### THE PROBLEM
The records below are to be copied exactly, with every picture left out.

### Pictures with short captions
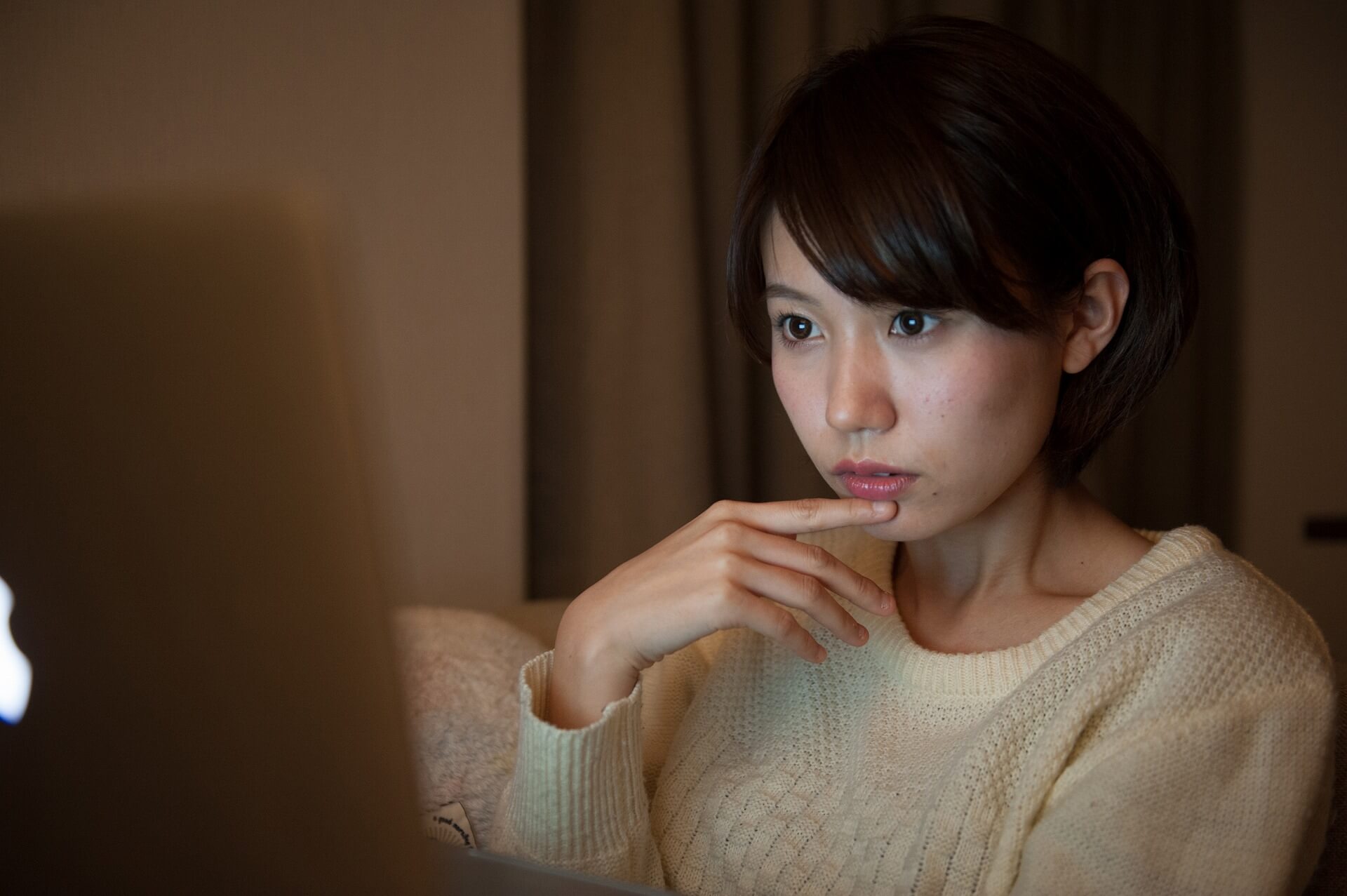 復縁占い ヴェルニ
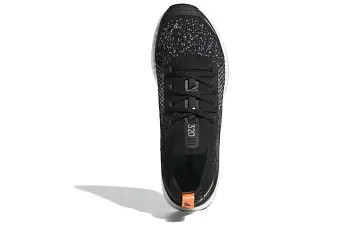 adidas Terrex Two Ultra Parley Trail - 6
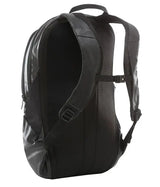 Rucsac The North Face W Isabella   Rucsac The North Face W Isabella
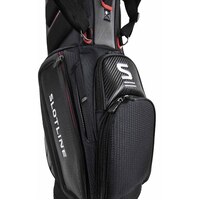 Slotline New York Premium Stand Bag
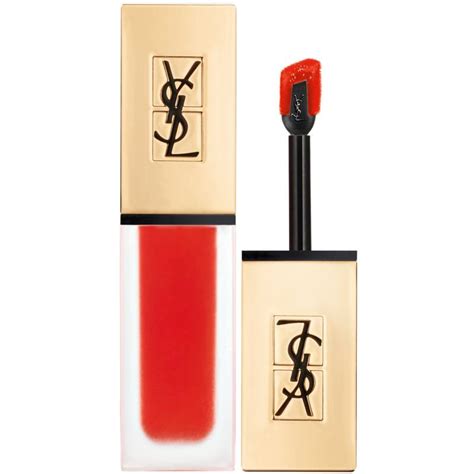 ysl tatouage couture 03|YSL beauty tatouage couture.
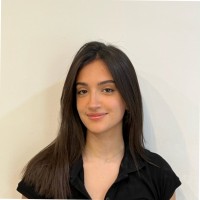 Amy Vella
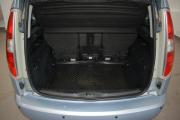 Skoda Roomster I Киров  - изображение 45
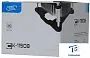 картинка Кулер Deepcool CK-11508 - превью 2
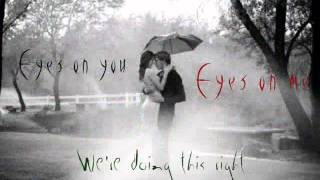 All About Us He is We  Feat. Owl City Lyrics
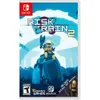 Risk of Rain 2 - Nintendo...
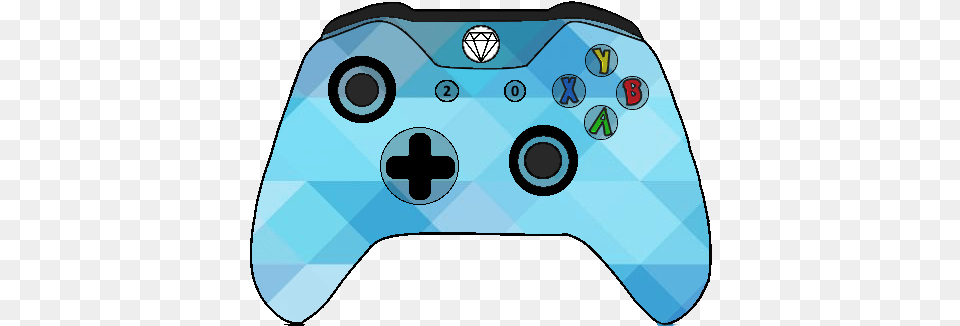 Game Controller, Electronics, Person Png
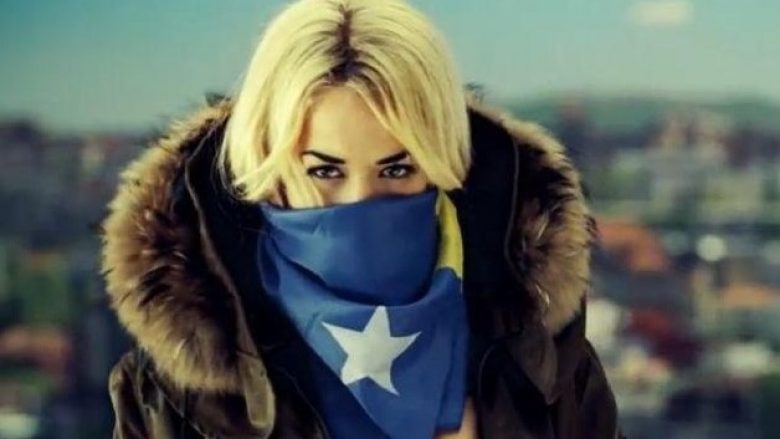 Nuk ka asgjë zyrtare rreth ardhjes së Rita Orës në Kosovë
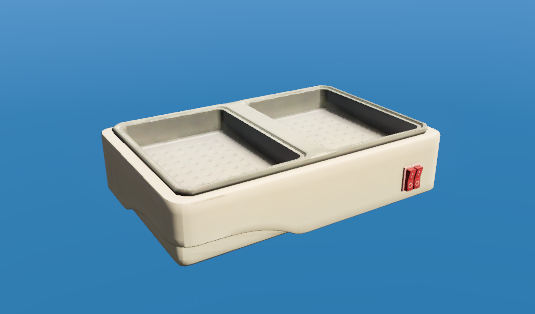 8cf6576e4aa2d78a305000a80c0e51f5ab3c8b40.png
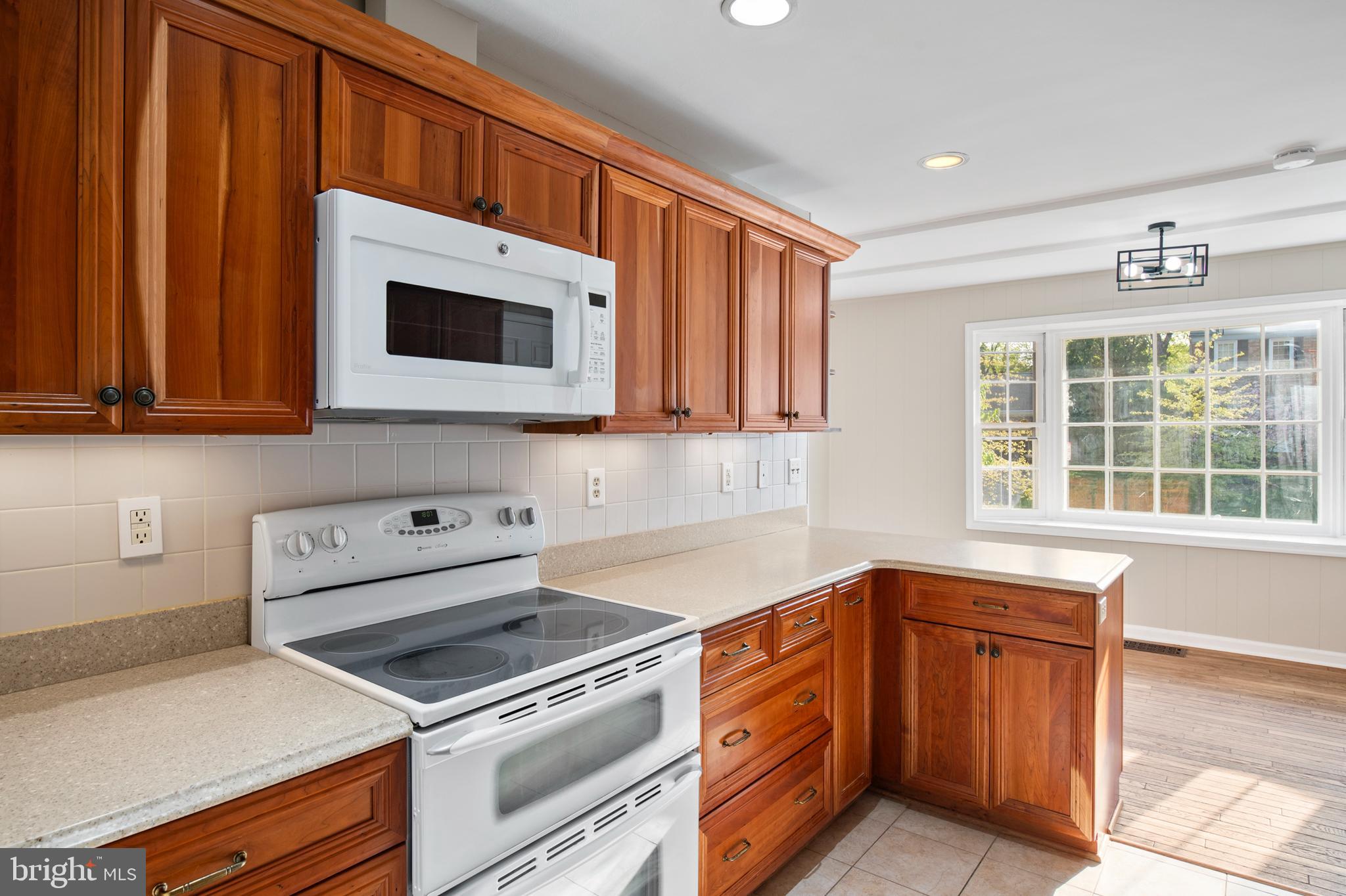 WOODLARK - Residential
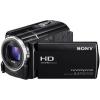 Sony Handycam HDR-XR260V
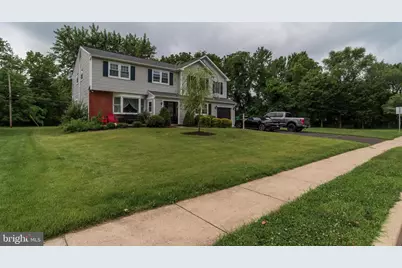 403 Alden, Yardley, PA 19067 - Photo 3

### WRITTEN RESPONSE
 復縁占い ヴェルニ
 adidas Terrex Two Ultra Parley Trail - 6
 Rucsac The North Face W Isabella   Rucsac The North Face W Isabella
 Slotline New York Premium Stand Bag
 ysl tatouage couture 03|YSL beauty tatouage couture.
 Amy Vella
 Skoda Roomster I Киров  - изображение 45
 картинка Кулер Deepcool CK-11508 - превью 2
 All About Us He is We  Feat. Owl City Lyrics
 Risk of Rain 2 - Nintendo...
 Game Controller, Electronics, Person Png
 Nuk ka asgjë zyrtare rreth ardhjes së Rita Orës në Kosovë
 8cf6576e4aa2d78a305000a80c0e51f5ab3c8b40.png
 WOODLARK - Residential
 Sony Handycam HDR-XR260V
 403 Alden, Yardley, PA 19067 - Photo 3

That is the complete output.